## Task brief
Among these entries, count the lines containing the word "Ford" and answer with only the number.

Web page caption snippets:

[Start of section]

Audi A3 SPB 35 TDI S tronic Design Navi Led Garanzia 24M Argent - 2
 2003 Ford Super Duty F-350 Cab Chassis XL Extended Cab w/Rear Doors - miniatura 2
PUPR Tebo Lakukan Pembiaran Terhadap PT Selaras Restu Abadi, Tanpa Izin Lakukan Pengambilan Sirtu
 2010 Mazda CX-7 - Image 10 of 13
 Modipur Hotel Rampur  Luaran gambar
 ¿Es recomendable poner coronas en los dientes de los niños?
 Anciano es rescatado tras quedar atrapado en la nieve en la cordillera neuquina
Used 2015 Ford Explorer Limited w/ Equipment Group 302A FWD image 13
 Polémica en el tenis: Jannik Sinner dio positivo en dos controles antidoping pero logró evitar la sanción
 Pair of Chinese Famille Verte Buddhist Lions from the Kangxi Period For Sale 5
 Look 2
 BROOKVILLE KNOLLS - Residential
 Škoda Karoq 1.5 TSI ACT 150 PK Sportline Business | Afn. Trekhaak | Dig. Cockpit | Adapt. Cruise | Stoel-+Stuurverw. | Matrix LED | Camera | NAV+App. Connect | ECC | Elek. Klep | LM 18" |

[End of section]

## Task response
2